- Born: Elsie Marion Eves 6 June 1915 Penarth, Glamorganshire, Wales
- Died: 19 April 1997 (aged 81) Hatch End, Middlesex, England
- Occupation: Nurse
- Notable work: Campaigning for dyslexia recognition and remediation

= Marion Welchman =

Elsie Marion Welchman ( Eves; 6 June 1915 – 19 April 1997) was a British charity administrator and nurse. She was involved in campaigning for the recognition of dyslexia and its remediation; locally through the Bath Association for Dyslexia, nationally with the British Dyslexia Association, and then internationally. Her early career had been as a state registered nurse and in occupational health care, before taking an interest in dyslexia after looking for help for her otherwise intelligent son who struggled with poor spelling at school.

==Biography==
Elsie Marion Eves was born on 6 June 1915 in Penarth, Glamorganshire, Wales. From 1934 and 1937, she trained as a state registered nurse at Cardiff Royal Infirmary, Cardiff, Wales. She would later move into occupational health during the Second World War, and worked at the Westinghouse Brake and Signal Company in Chippenham, Wiltshire, England. There, she met her future husband Denis Welchman, who was working as an electrical engineer. They married in 1943 in Penarth, Wales, and settled in Bath, England. Her first career ended with motherhood, and they had three children together.

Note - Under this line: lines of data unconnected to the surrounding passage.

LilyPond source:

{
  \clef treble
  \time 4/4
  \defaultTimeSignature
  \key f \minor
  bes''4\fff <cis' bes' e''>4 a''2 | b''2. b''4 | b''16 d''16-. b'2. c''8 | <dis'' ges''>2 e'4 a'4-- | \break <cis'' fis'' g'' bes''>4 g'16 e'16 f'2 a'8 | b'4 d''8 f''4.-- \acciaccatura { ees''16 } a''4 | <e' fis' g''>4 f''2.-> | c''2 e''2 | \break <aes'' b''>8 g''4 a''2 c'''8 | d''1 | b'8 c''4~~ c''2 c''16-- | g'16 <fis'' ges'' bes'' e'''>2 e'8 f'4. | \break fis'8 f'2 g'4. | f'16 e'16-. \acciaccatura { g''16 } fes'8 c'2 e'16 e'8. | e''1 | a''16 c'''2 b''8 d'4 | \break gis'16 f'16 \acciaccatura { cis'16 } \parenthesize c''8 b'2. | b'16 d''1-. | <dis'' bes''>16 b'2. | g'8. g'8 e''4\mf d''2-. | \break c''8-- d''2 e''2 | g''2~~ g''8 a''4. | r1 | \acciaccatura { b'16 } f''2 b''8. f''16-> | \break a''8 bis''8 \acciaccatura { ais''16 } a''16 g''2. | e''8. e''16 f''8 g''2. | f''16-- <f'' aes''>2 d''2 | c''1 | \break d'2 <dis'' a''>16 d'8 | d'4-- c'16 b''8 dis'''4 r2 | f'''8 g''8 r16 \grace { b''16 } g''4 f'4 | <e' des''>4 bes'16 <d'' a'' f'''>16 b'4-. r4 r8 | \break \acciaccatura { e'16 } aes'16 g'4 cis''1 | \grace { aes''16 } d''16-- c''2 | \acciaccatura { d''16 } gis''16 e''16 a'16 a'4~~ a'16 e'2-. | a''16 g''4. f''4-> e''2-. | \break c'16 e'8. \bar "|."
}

Her only son Howard was born in 1955. He was otherwise intelligent but struggled with poor spelling at school for which he was often beaten. Looking for assistance, she reached out to the Word Blind Centre, which had been founded in London in 1963. They educated her on dyslexia and put her in contact with the emerging worldwide effort to combat it. The Orton Dyslexia Society, based in the United States, recommended a method of remediation and a specialist teacher for her son: the results were transformative and Howard would go on to run a publishing business in later life.

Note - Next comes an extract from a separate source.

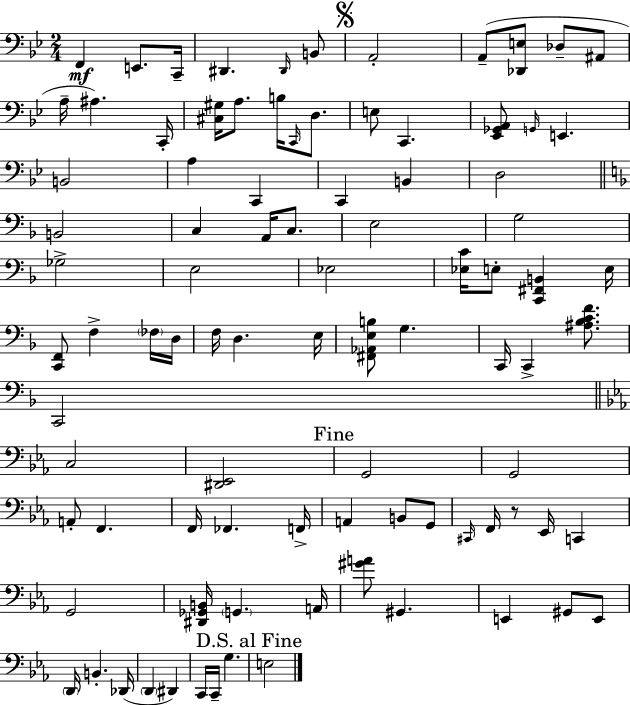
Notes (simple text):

Looking to expand such help to other children, Welchman established the Bath Association for Dyslexia in 1966. From 1966 to 1973, it ran training schools for teachers and parents with the assistance of Sally Childs of the Orton Dyslexia Society and then local professionals. Influenced by her successes, a number of other associations were founded across the United Kingdom. She also toured the United Kingdom to talk to parents, and undertook a six-week study tour of dyslexia organisations in North America in 1971. In 1972, she expanded her work nationally with the foundation of the British Dyslexia Association (BDA). She ran the BDA as its honorary secretary until 1979. Initially personally seen as a "fussy mother from Bath" and as part of a group of parents who were looking for "convenient excuses for the limitations of their children", they had to contend with politicians and many professionals who refused to accept the validity of dyslexia.

Following the death of her husband in 1984, she began to travel internally to campaign for the recognition and remediation of dyslexia. She helped found the European Dyslexia Association in 1987 and then the World Dyslexia Network Foundation in 1995. In the 1992 New Year Honours, she was appointed Member of the Order of the British Empire (MBE) "for services to the British Dyslexia Association".

Welchman was diagnosed with chronic myeloid leukaemia, and was too ill to attend the BDA's 4th International Conference held in York in early 1997. She died on 19 April 1997 in Hatch End, Middlesex, England; she was aged 81.